Task details
Transcribe, starting at the line with "Starbucks House Blend Lungo, Kaffekapsler" and ending at the line with "החלפת רקע ב-AI", every line of the material below exactly, but leave out the pictures and anything outside that span.

Material to process
== Segment start ==

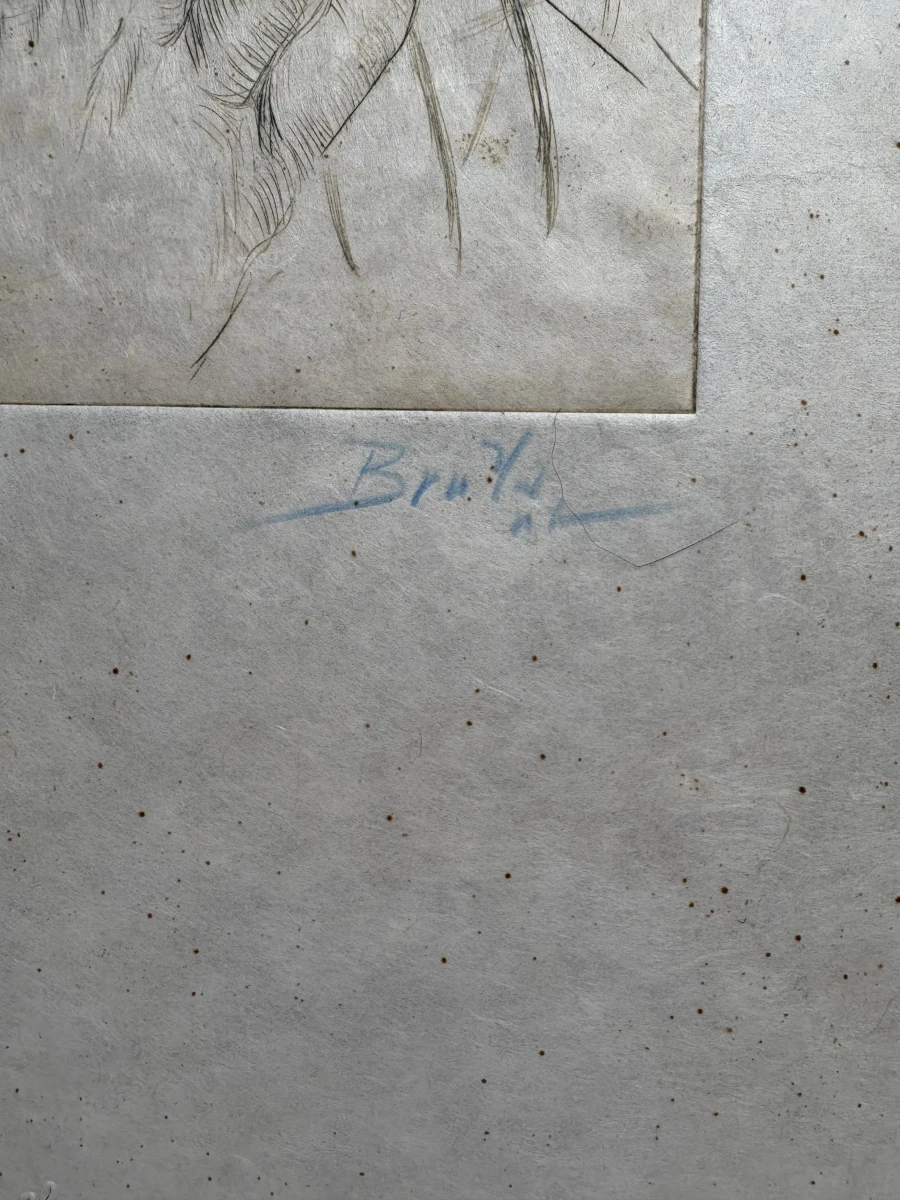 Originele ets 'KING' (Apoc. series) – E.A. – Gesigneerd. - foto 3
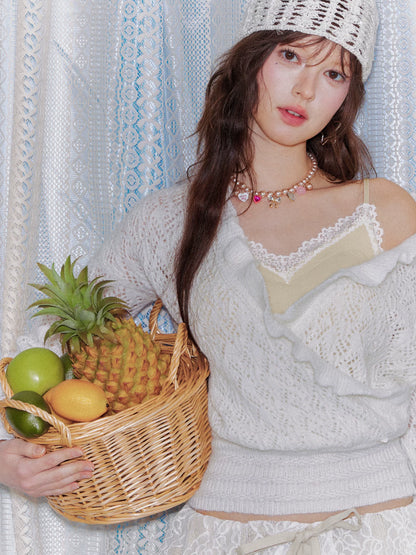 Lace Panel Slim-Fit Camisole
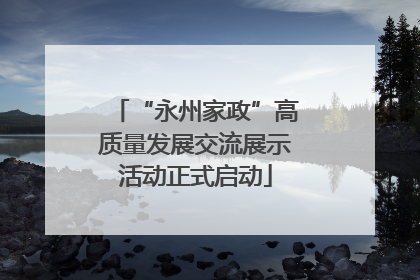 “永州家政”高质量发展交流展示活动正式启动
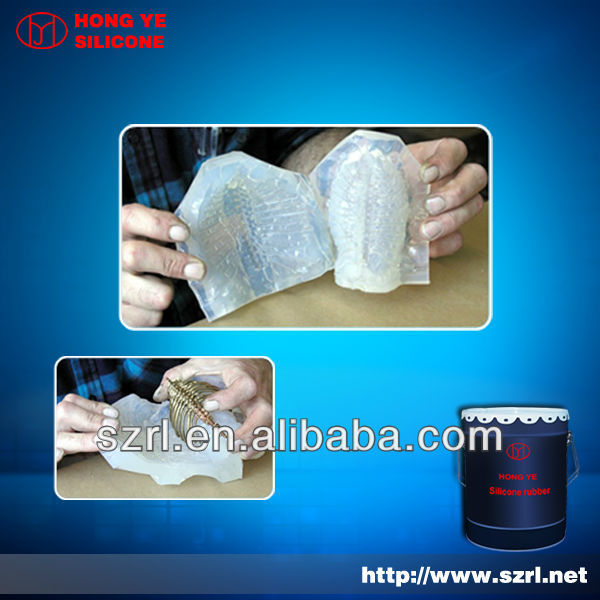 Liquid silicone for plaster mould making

== Segment end ==
== Segment start ==

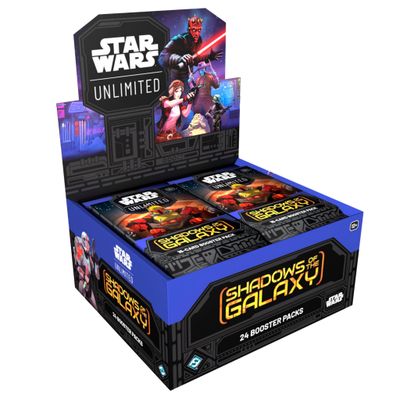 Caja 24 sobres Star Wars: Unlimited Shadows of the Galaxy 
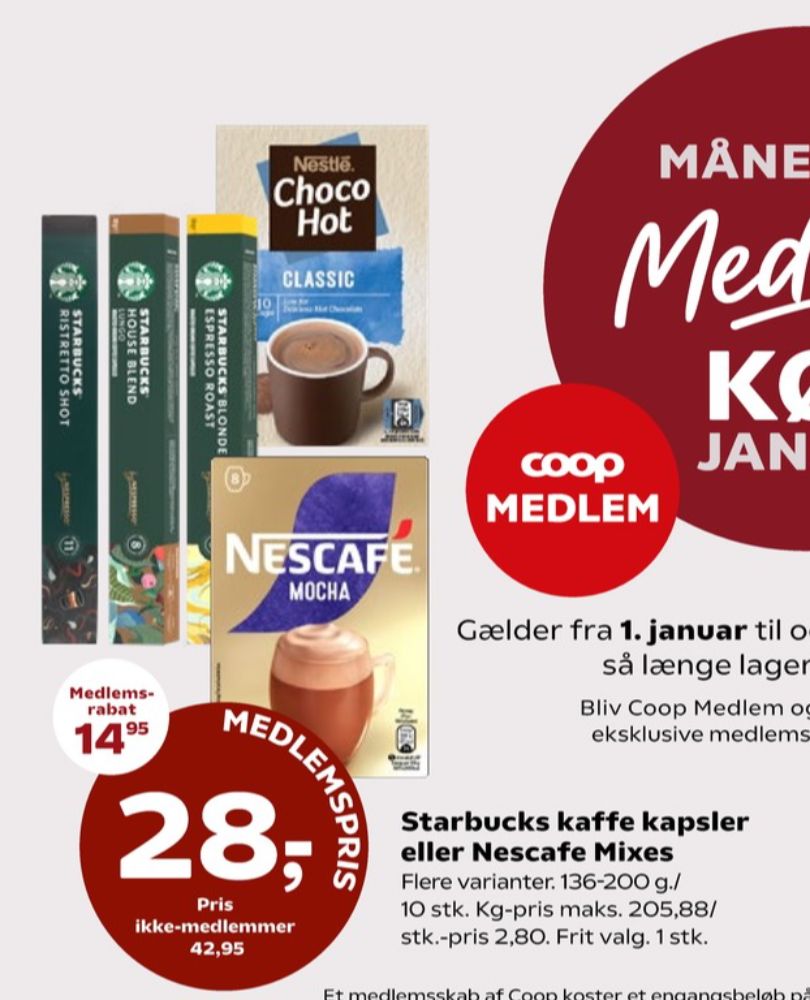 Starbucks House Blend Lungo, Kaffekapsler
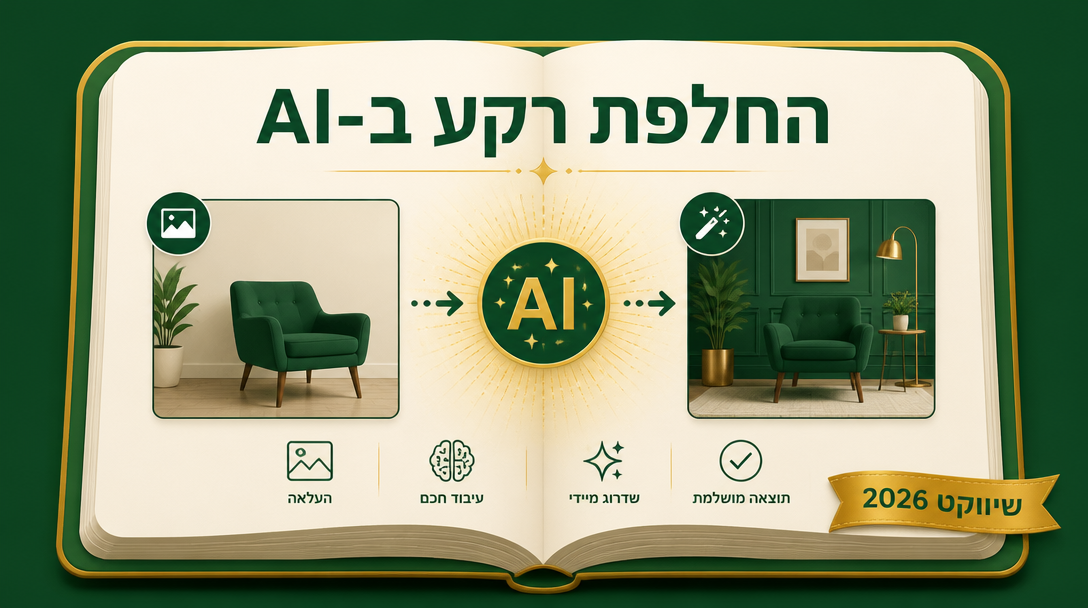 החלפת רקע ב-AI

== Segment end ==

Response area
 Starbucks House Blend Lungo, Kaffekapsler
 החלפת רקע ב-AI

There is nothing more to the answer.